# quick question about inductive proof

• Oct 16th 2009, 06:26 PM
zpwnchen
Prove that: $\displaystyle 3^n < n!$ n is an integer greater than 6.

Basic step:
$\displaystyle P(7): 3^7 < 7!$
2187 < 5040

Inductive Steps:
hypothesis: $\displaystyle P(k): 3^k < k!$
conclusion: $\displaystyle P(k+1): 3^{k+1} < (k+1)!$

Proof: $\displaystyle 3^(k+1) = 3.3^k < 3.k! < (k+1)k! = (k+1)!$

why is this one: $\displaystyle (k+1)k!$ equal to $\displaystyle (k+1)!$?

Is there any better way to prove it?
• Oct 16th 2009, 07:10 PM
Plato
If you have more than one character in an exponent, set off the whole exponent in braces.
$$3^{(k+1)}$$ gives $\displaystyle 3^{(k+1)}$ instead of $\displaystyle 3^(k+1)$.
• Oct 17th 2009, 02:30 AM
Defunkt
Quote:

Originally Posted by zpwnchen
Prove that: $\displaystyle 3^n < n!$ n is an integer greater than 6.

Basic step:
$\displaystyle P(7): 3^7 < 7!$
2187 < 5040

Inductive Steps:
hypothesis: $\displaystyle P(k): 3^k < k!$
conclusion: $\displaystyle P(k+1): 3^(k+1) < (k+1)!$

Proof: $\displaystyle 3^(k+1) = 3.3^k < 3.k! < (k+1)k! = (k+1)!$

why is this one: $\displaystyle (k+1)k!$ equal to $\displaystyle (k+1)!$?

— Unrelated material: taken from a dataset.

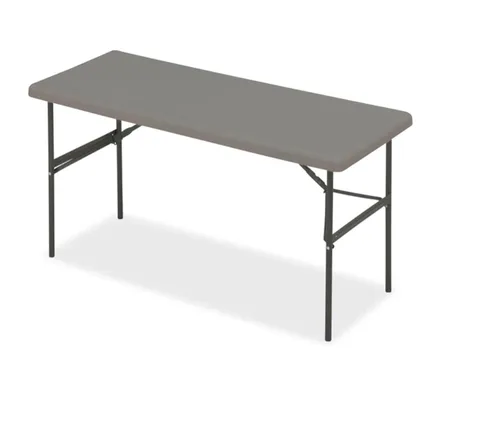 Iceberg Mesa plegable de resina con patas de acero indestructable serie 1200, capacidad de 300 libras, 60 pulgadas de largo x 24 pulgadas de ancho x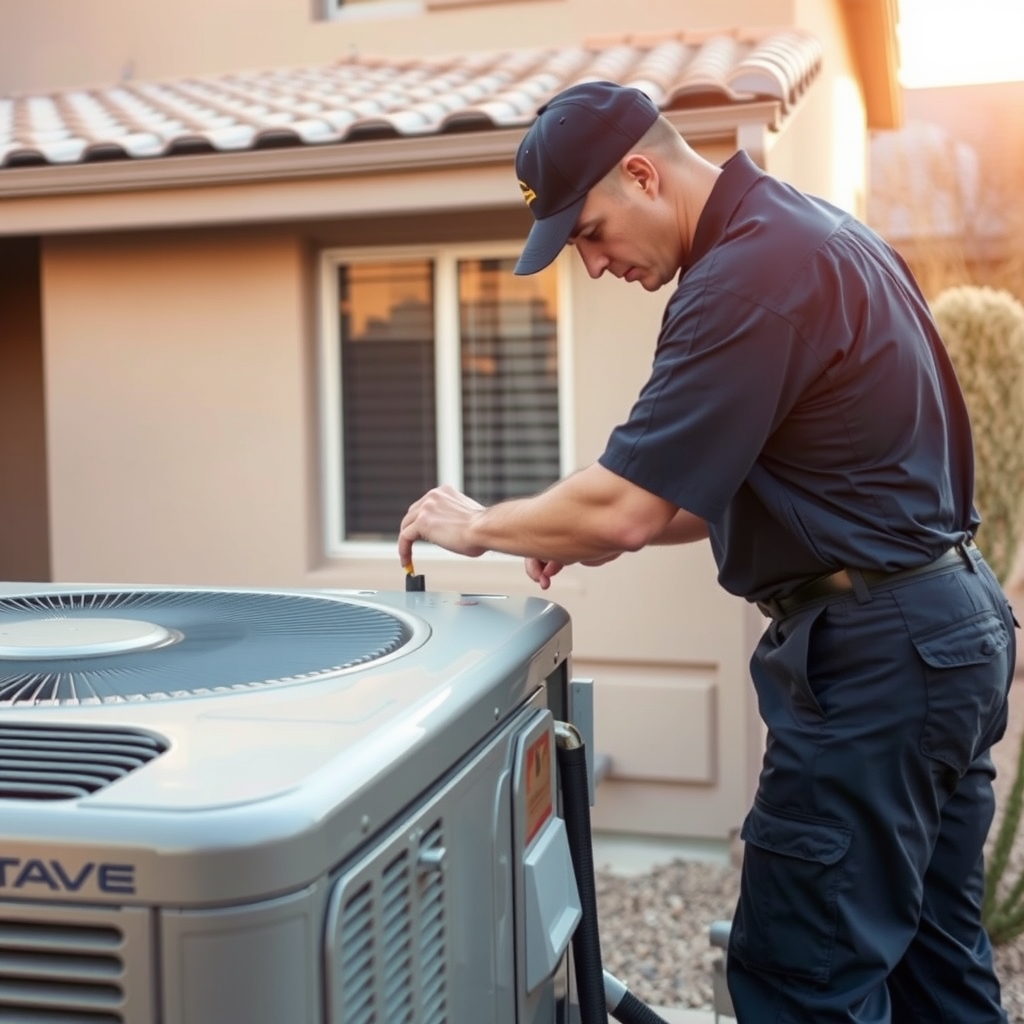 HVAC technician servicing an air conditioning unit at a residential home in Gilbert, AZ.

Is there any better way to prove it?

$\displaystyle k! = 1\cdot 2 \cdot 3 \cdot ... \cdot k$
$\displaystyle (k+1)! = 1\cdot 2 \cdot 3 \cdot ... \cdot k \cdot (k+1)$
$\displaystyle (k+1)k! = (k+1)(1\cdot 2 \cdot 3 \cdot ... \cdot k) = 1\cdot 2 \cdot 3 \cdot ... \cdot k \cdot (k+1) = (k+1)!$